Assignment.
Set down the whole listing below exactly, without pictures.

--------

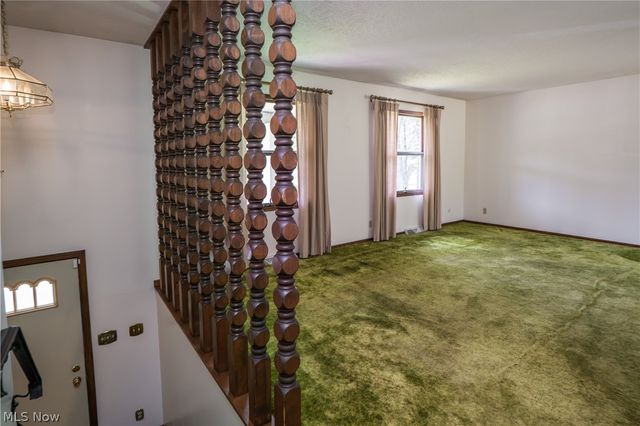 2421 Fairview Road, Uniontown, OH 44685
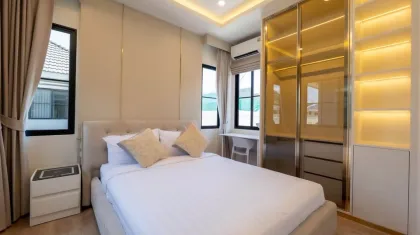 Villa de 4 dormitorios con piscina en alquiler en Crown Estate Koh Kaew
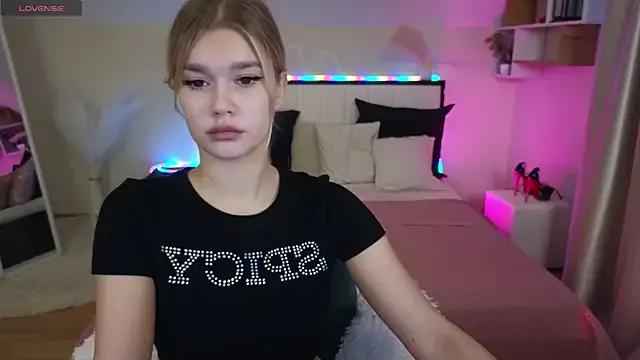 BattyMelody on StripChat 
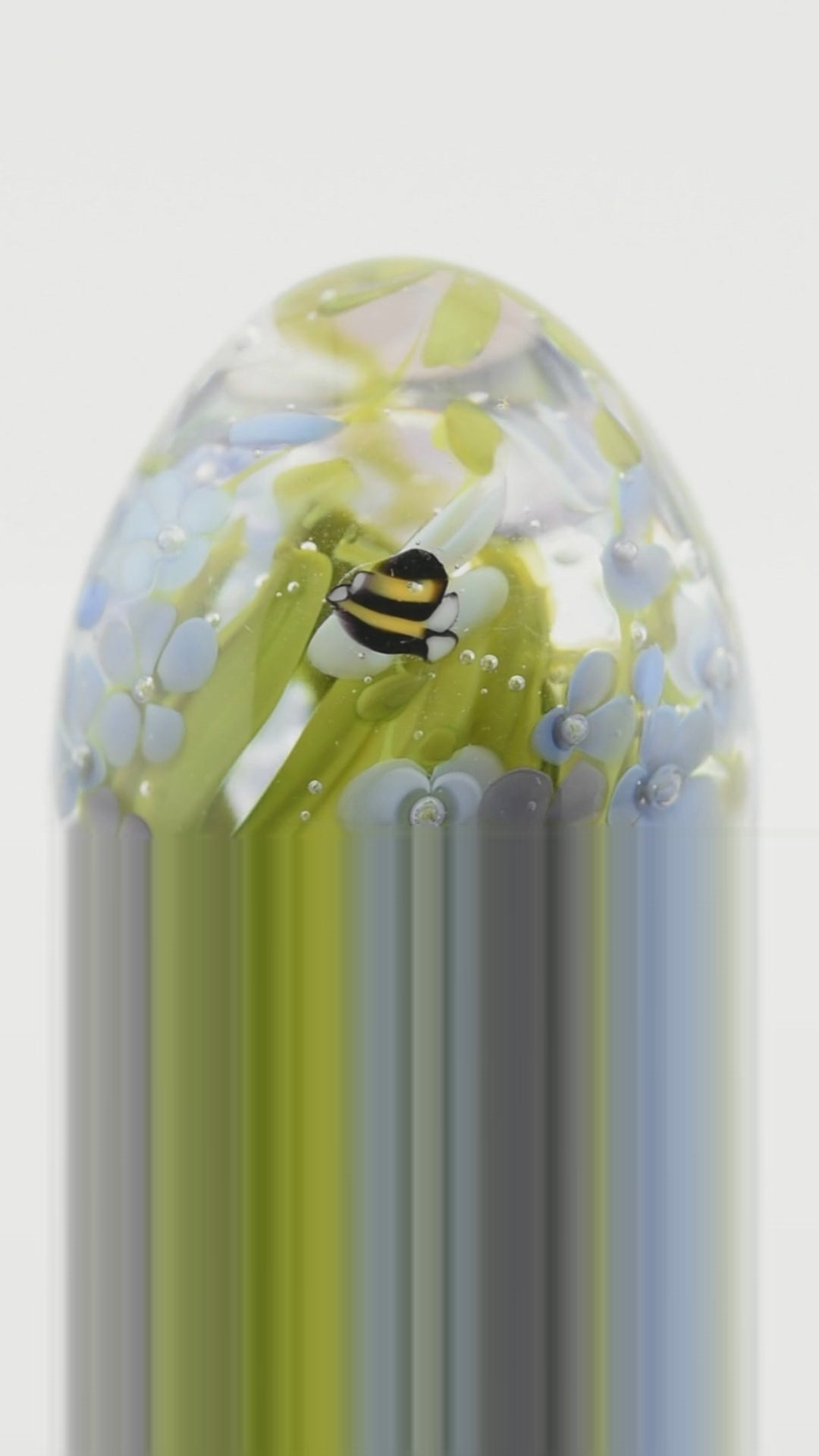Œuf en verre décoratif avec Delphiniums bleus et violets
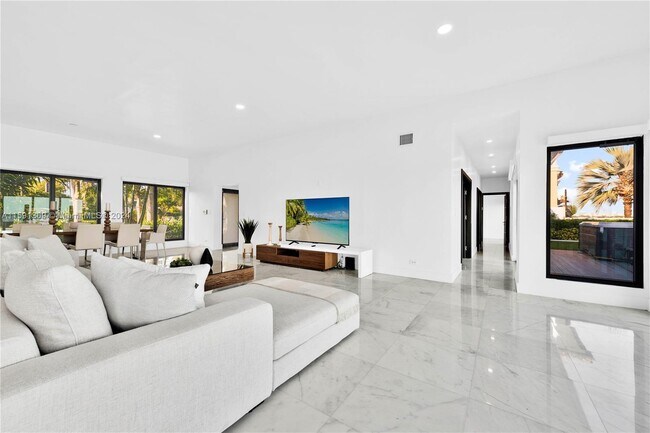 Foto del edificio - 1353 Bay Terrace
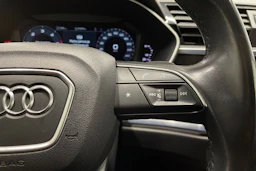 valkoinen Audi Q3 2022 kuva 24.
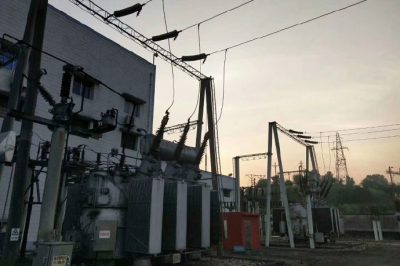 抢修110千伏安富变电站开关故障导致多条线路失电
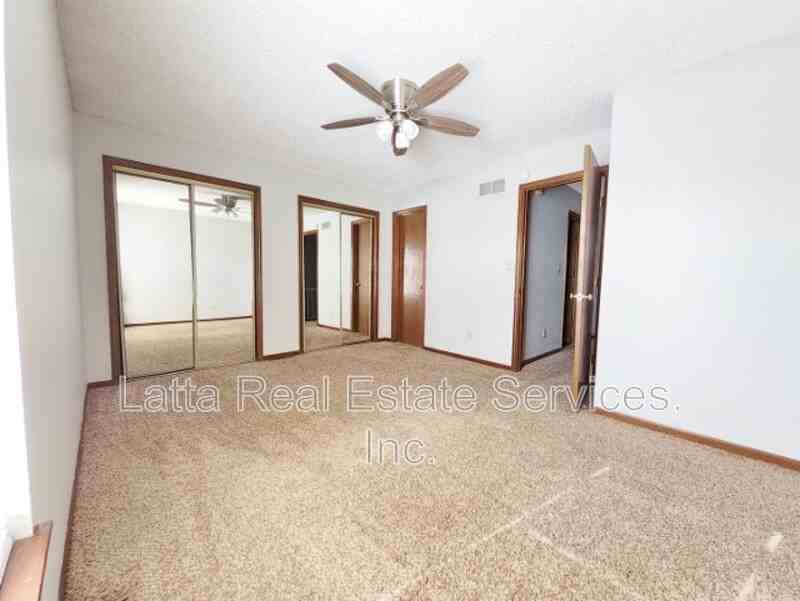 18810 E Manor Ct - Photo 7 of 12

--------

Exercise response.
 2421 Fairview Road, Uniontown, OH 44685
 Villa de 4 dormitorios con piscina en alquiler en Crown Estate Koh Kaew
 BattyMelody on StripChat 
Œuf en verre décoratif avec Delphiniums bleus et violets
 Foto del edificio - 1353 Bay Terrace
 valkoinen Audi Q3 2022 kuva 24.
 抢修110千伏安富变电站开关故障导致多条线路失电
 18810 E Manor Ct - Photo 7 of 12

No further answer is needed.